Ugh! He shouldn’t be here at all. Stef, my college bestie, should be living in his room. At the end of our sophomore year, I’d won a high lottery number, allowing me first dibs on selecting the best housing on campus for our junior year. So, after much investigation, Stef and I had chosen these attached rooms in Atwood Quad’s historic Tasker Hall, which had been built in 1890. But when Stef up and transferred to a local college in New Jersey, leaving one of the best private colleges in New England just to be closer to a guy, she also left me high and dry. And now I’m stuck with a jock next door living up his senior year. For a girl who prefers to go to bed by midnight and loves sleep more than books and Boba Tea, Cal is an unwelcome thorn in my side this semester and likely until summer move-out.

To top it off, not only do I share a wall with him, but a connecting door, too, which is thankfully locked. While I can’t hear anything from the room on my left, I hear too much on Calvin’s side due to that stupid door. I know things—like his favorite songs, that he calls his parents every Monday and Friday, that he sleeps with the light on, and that he almost always has a giggly female in the room with him. Seriously, no one is that funny.

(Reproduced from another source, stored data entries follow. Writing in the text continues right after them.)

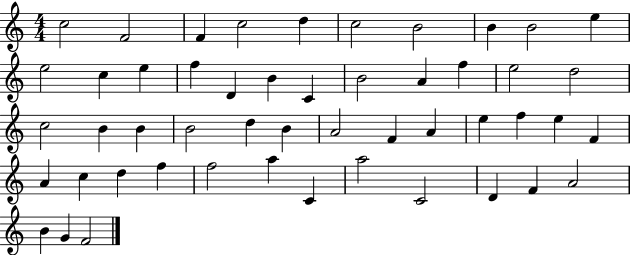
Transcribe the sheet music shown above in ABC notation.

X:1
T:Untitled
M:4/4
L:1/4
K:C
c2 F2 F c2 d c2 B2 B B2 e e2 c e f D B C B2 A f e2 d2 c2 B B B2 d B A2 F A e f e F A c d f f2 a C a2 C2 D F A2 B G F2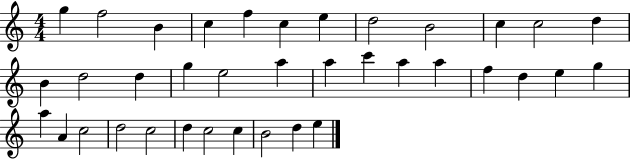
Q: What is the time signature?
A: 4/4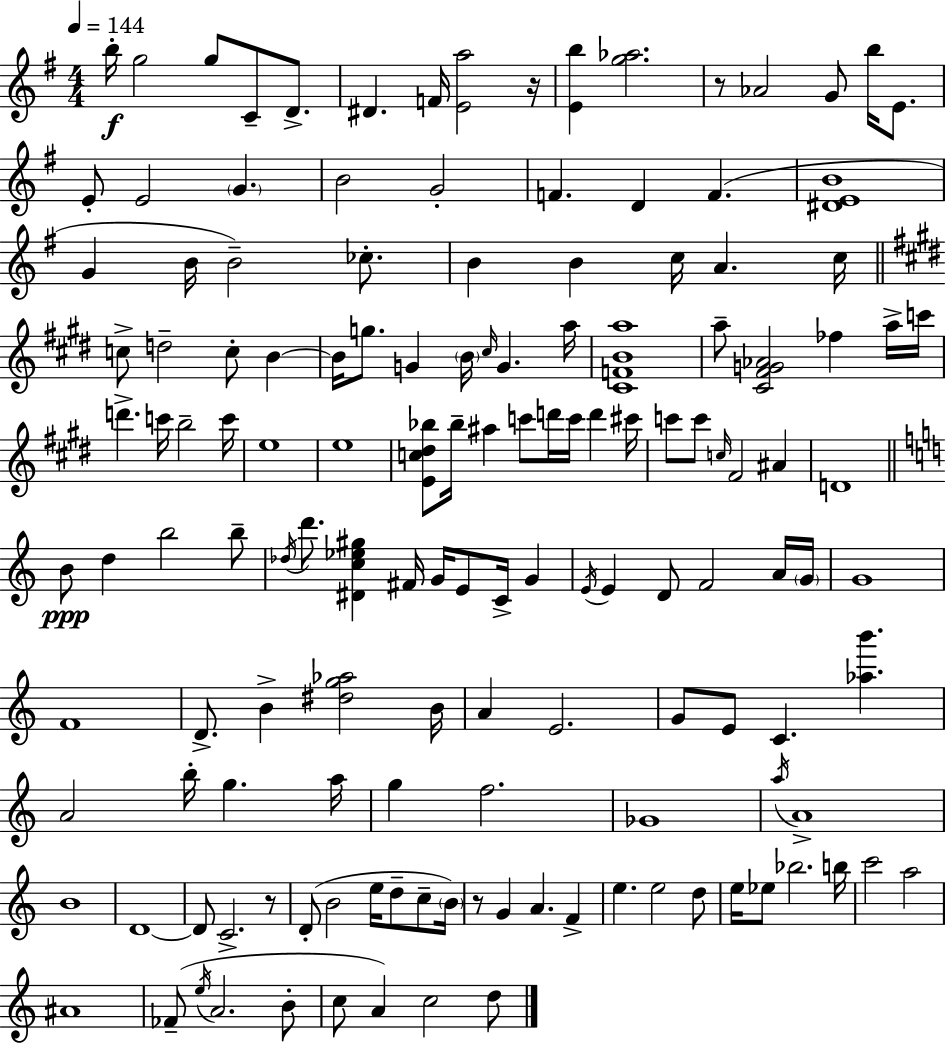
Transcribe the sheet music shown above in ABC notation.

X:1
T:Untitled
M:4/4
L:1/4
K:Em
b/4 g2 g/2 C/2 D/2 ^D F/4 [Ea]2 z/4 [Eb] [g_a]2 z/2 _A2 G/2 b/4 E/2 E/2 E2 G B2 G2 F D F [^DEB]4 G B/4 B2 _c/2 B B c/4 A c/4 c/2 d2 c/2 B B/4 g/2 G B/4 ^c/4 G a/4 [^CFBa]4 a/2 [^C^FG_A]2 _f a/4 c'/4 d' c'/4 b2 c'/4 e4 e4 [Ec^d_b]/2 _b/4 ^a c'/2 d'/4 c'/4 d' ^c'/4 c'/2 c'/2 c/4 ^F2 ^A D4 B/2 d b2 b/2 _d/4 d'/2 [^Dc_e^g] ^F/4 G/4 E/2 C/4 G E/4 E D/2 F2 A/4 G/4 G4 F4 D/2 B [^dg_a]2 B/4 A E2 G/2 E/2 C [_ab'] A2 b/4 g a/4 g f2 _G4 a/4 A4 B4 D4 D/2 C2 z/2 D/2 B2 e/4 d/2 c/2 B/4 z/2 G A F e e2 d/2 e/4 _e/2 _b2 b/4 c'2 a2 ^A4 _F/2 e/4 A2 B/2 c/2 A c2 d/2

Occasionally, I overhear snippets of his conversation, but it is hard to make it out unless he’s shouting or talking right near the adjoining door. So, I mainly hear mumbling and, of course, that constant giggling from his girl fan club.

There have been two major exceptions. One time, after I pounded on the wall for him to be quiet, I overheard a female voice say, “Is she always like that?” My resulting gasp had been so loud, I wouldn’t have been surprised if they heard it on the other side. But then came his garbled response that went like, mumble, mumble, and then, “She’s not like you.”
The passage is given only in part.